TASK INSTRUCTIONS: Give back all of the records underneath exactly, with no omissions.

DATASET EXTRACT:

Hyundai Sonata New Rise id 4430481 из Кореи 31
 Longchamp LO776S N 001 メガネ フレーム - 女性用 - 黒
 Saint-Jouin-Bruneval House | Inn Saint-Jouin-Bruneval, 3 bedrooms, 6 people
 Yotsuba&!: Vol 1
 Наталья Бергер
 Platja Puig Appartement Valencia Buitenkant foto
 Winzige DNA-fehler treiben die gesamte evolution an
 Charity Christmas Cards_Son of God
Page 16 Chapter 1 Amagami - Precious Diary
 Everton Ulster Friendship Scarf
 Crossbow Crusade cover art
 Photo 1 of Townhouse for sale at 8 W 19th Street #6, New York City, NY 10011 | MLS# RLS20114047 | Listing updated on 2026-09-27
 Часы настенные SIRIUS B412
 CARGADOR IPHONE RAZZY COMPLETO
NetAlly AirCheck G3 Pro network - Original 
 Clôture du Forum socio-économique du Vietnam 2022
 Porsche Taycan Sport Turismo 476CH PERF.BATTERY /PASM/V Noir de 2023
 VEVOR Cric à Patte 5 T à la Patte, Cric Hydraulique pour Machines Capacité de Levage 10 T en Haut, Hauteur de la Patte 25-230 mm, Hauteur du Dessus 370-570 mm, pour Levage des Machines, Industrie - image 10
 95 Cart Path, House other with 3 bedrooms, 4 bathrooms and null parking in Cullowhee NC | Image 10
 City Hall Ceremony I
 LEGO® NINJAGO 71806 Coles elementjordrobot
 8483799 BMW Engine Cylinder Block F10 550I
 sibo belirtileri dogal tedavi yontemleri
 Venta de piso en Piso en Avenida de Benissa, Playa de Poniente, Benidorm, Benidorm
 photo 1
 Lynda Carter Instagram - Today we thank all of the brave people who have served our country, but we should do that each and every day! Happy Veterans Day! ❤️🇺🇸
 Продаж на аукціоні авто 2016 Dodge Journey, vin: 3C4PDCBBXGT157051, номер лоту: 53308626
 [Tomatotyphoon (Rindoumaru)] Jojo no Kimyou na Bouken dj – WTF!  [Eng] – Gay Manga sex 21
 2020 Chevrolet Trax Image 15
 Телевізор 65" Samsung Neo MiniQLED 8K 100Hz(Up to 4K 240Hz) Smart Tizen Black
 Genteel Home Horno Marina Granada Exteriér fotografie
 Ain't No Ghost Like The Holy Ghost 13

EXPECTED OUTPUT:
Hyundai Sonata New Rise id 4430481 из Кореи 31
 Longchamp LO776S N 001 メガネ フレーム - 女性用 - 黒
 Saint-Jouin-Bruneval House | Inn Saint-Jouin-Bruneval, 3 bedrooms, 6 people
 Yotsuba&!: Vol 1
 Наталья Бергер
 Platja Puig Appartement Valencia Buitenkant foto
 Winzige DNA-fehler treiben die gesamte evolution an
 Charity Christmas Cards_Son of God
Page 16 Chapter 1 Amagami - Precious Diary
 Everton Ulster Friendship Scarf
 Crossbow Crusade cover art
 Photo 1 of Townhouse for sale at 8 W 19th Street #6, New York City, NY 10011 | MLS# RLS20114047 | Listing updated on 2026-09-27
 Часы настенные SIRIUS B412
 CARGADOR IPHONE RAZZY COMPLETO
NetAlly AirCheck G3 Pro network - Original 
 Clôture du Forum socio-économique du Vietnam 2022
 Porsche Taycan Sport Turismo 476CH PERF.BATTERY /PASM/V Noir de 2023
 VEVOR Cric à Patte 5 T à la Patte, Cric Hydraulique pour Machines Capacité de Levage 10 T en Haut, Hauteur de la Patte 25-230 mm, Hauteur du Dessus 370-570 mm, pour Levage des Machines, Industrie - image 10
 95 Cart Path, House other with 3 bedrooms, 4 bathrooms and null parking in Cullowhee NC | Image 10
 City Hall Ceremony I
 LEGO® NINJAGO 71806 Coles elementjordrobot
 8483799 BMW Engine Cylinder Block F10 550I
 sibo belirtileri dogal tedavi yontemleri
 Venta de piso en Piso en Avenida de Benissa, Playa de Poniente, Benidorm, Benidorm
 photo 1
 Lynda Carter Instagram - Today we thank all of the brave people who have served our country, but we should do that each and every day! Happy Veterans Day! ❤️🇺🇸
 Продаж на аукціоні авто 2016 Dodge Journey, vin: 3C4PDCBBXGT157051, номер лоту: 53308626
 [Tomatotyphoon (Rindoumaru)] Jojo no Kimyou na Bouken dj – WTF!  [Eng] – Gay Manga sex 21
 2020 Chevrolet Trax Image 15
 Телевізор 65" Samsung Neo MiniQLED 8K 100Hz(Up to 4K 240Hz) Smart Tizen Black
 Genteel Home Horno Marina Granada Exteriér fotografie
 Ain't No Ghost Like The Holy Ghost 13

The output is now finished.